Brownlee's gaffe about the income gap having narrowed since National came to power prompted a desperate search by National for anything that served as evidence, however questionable, of that being the case. Much of the evidence is to the contrary - including some of the material National has dug up. The upshot is that Labour - almost by accident - has given National an old-fashioned hiding on that most fundamental of all questions: which party can be can best trusted with the reins of economic management. The one compensating factor for National is that all this has happened largely out of public view.

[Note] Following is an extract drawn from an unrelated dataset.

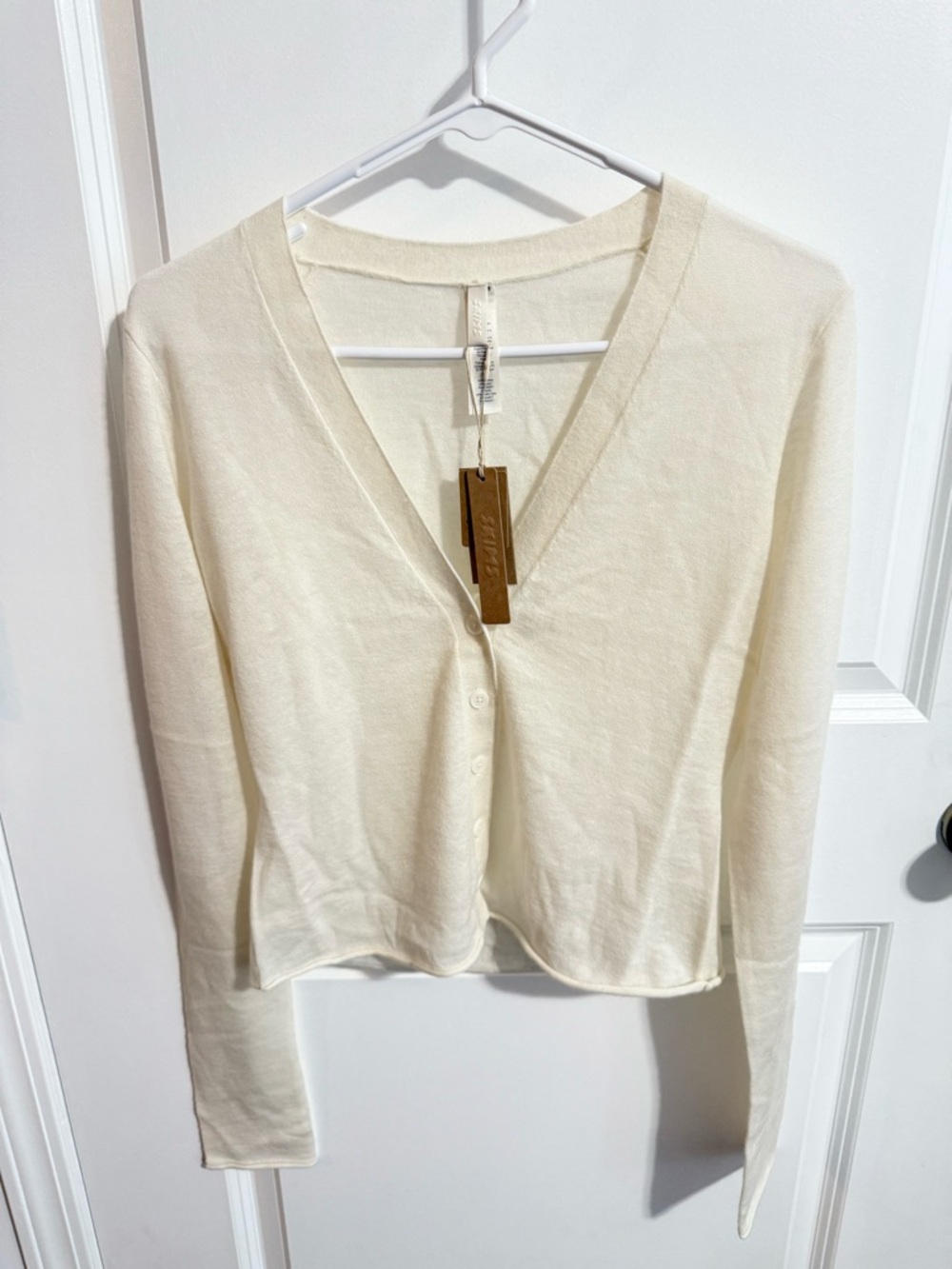 SKIMS cashmere cardigan NWT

However, it has given considerable momentum to the three-pronged strategy that Labour is developing in order to try to win the economic policy argument at next year's election.
The first prong is to endlessly repeat that National has "no plan" - that National has no solutions which will lift economic growth.
That notion has gained currency following National's recent clutch of policy reversals. The damage done to National's 2025 goal is of considerable help in reinforcing that narrative.
The second prong involves convincing people that the measures National is implementing - be it a rise in GST or changing employment law to put new employees on 90-day probation periods - will make little appreciable difference to economic growth.
They will - Labour argues - make an appreciable difference for the well-off and employers. The sub-text is that economic policy has become the vehicle by which National gets to reward its mates.
The third prong is the development of Labour's economic agenda. It will be characterised by policies that National cannot match or will not want to match for ideological reasons.
The most obvious one is monetary policy. Labour would broaden the objectives of the Reserve Bank to help exporters, while retaining a "full commitment" to keeping inflation under control.
Labour is also working on as-yet-unspecified initiatives to lift New Zealand's savings rate.
What all this has done is make Bill English's job even more difficult than it already was. The Finance Minister is the one person who should be exempted from the criticism that his colleagues richly deserve.
He is too cautious to fall into the kind of trap which snared Brownlee. Labour has also deliberately tried to keep him on the sidelines of the income gap squabble. He will have to pick up the pieces, however. Heaven knows what he thinks of it all.